The organization I work for uses a lot of numbers and statistics. After all, it is due to some sobering and unfair statistics that the organization exists at all, for example: low income students are almost 30% less likely to enroll in college as their wealthier peers, every year there are 200,000 low income student who graduate from high school and are capable of going to college but do not go, and, in a 2005 article I just found, only 6% of low income students can expect to earn a bachelor's degree by age 24, compared to 51% average nationally.
It is only logical, then, that since we base our existence on statistics, we must be able to show statistics that prove our effectiveness. The amount of numbers floating around my head and our organization-wide friday meetings is overwhelming: number of students, rate of reliability for rsvps for a college visit, number of schools applied to, amount of scholarship money received, average baseline score, percentage increased, number of students enrolled, number of students dropped... the list goes on and on.

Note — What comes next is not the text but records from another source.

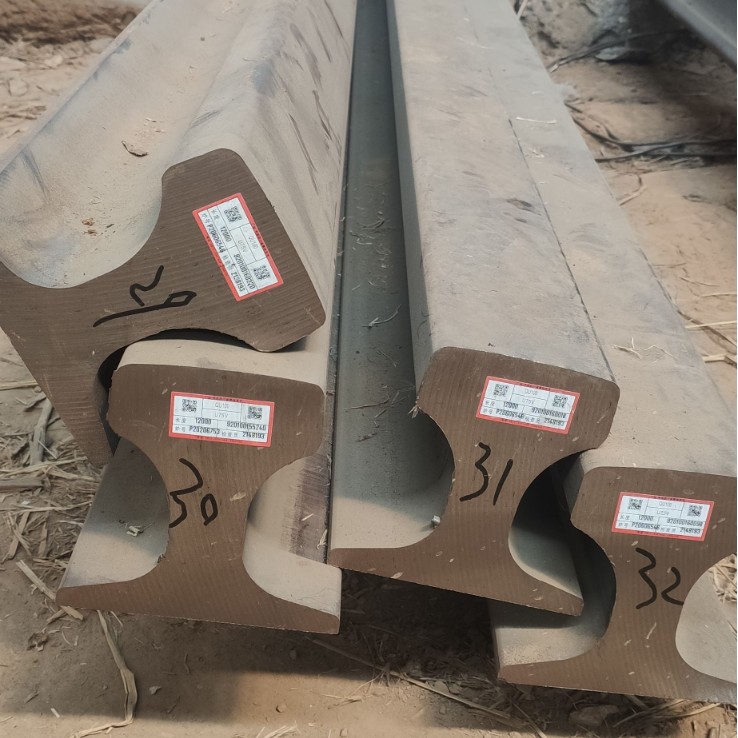 钢厂现货供应u71MN钢轨 QU120起重轨 应用于冶金矿山等行业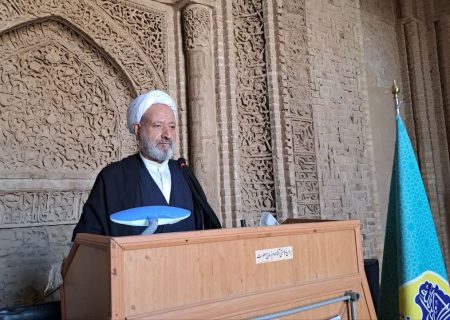 امام جمعه اردستان: نماز جمعه سنگر وحدت بصیرت و حمایت از نظام اسلامی است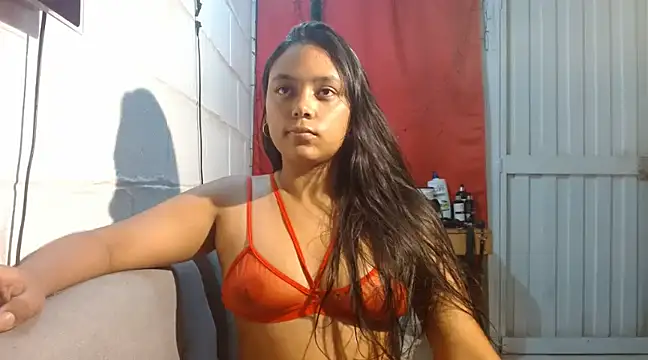 Snapshot of Chiara_petterson chatting on January 2025 04:59:01 AM Chiara petterson online show from January 2025 04:59:01 AM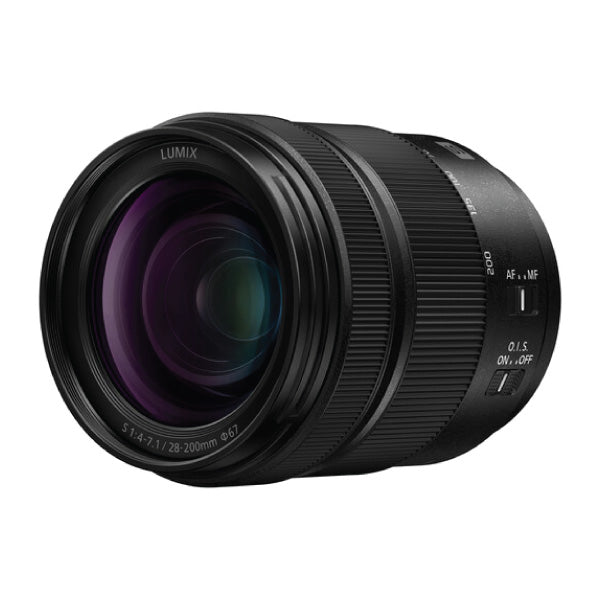 Lumix S 28-200mm Leica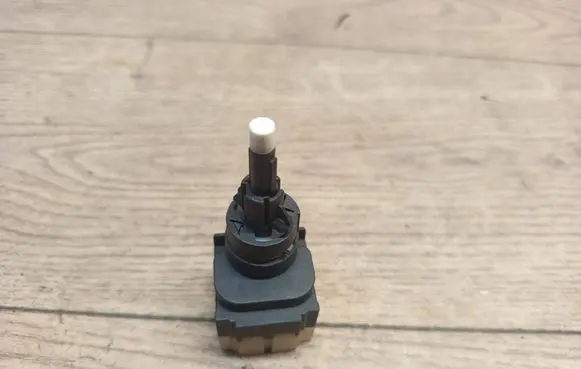 Seat Ibiza III (6L) Brake pedal sensor switch 24761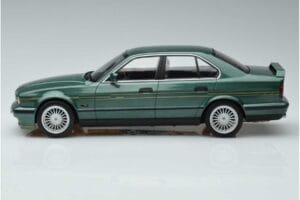BMW Alpina B10 4.6 E34 Verde MCG 1:18 MCG18229 Metal - imagem 3 de 6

Yesterday, a new set of numbers came out: ACT 2 scores and percentage increase from baseline scores. With 82% of my 41 students tested, they've had a 7.7% score increase. Victoria, of course, blew me out of the water with 97% (functionally 100%) of her students achieving a 13% score increase. In a desperate attempt not to feel like such a loser, I began breaking my numbers down into more numbers. 22 of my students increased their scores with an average of an 18% increase. Six of my student got the same scores. 5 of my student's scores decreased an average of 11%, and I have one outlier, we'll deal with him later. Before I knew it I had a major excel document with every students baseline and ACT2 score and their score increase/decrease percentage color coded by percent attendance. It was getting a little scary.
With all of these numbers floating around in my head, I went to session and began having brief check-in meetings with each of my students, and it was then, cheesily, that I realized that my statistics, no matter how specific, broken down, high, or low, could never do justice to the experiences of my students. No percent could make me more happy than the smile on my student's face who improved from an 11 to a 17, or more determined to solve the mystery of my incredibly attentive student who dropped from a 16 to a 12, or more proud of my ridiculously high achiever who started with a 28 and has made it a goal to improve by 2 points every practice test and might actually do it, or more frustrated with the student who overslept and went from a 6 to a 10 on his reading section but got 1's on English and Math because he completely missed those sections.
So while I might sit here wishing that 7.7% score increase could be just a few percentage points higher, I must constantly strive to remember that the 7.7% is actually 41 different stories of happiness, triumph, frustration, determination, confusion, sadness, hope, and faith, each one as statistically significant as the next.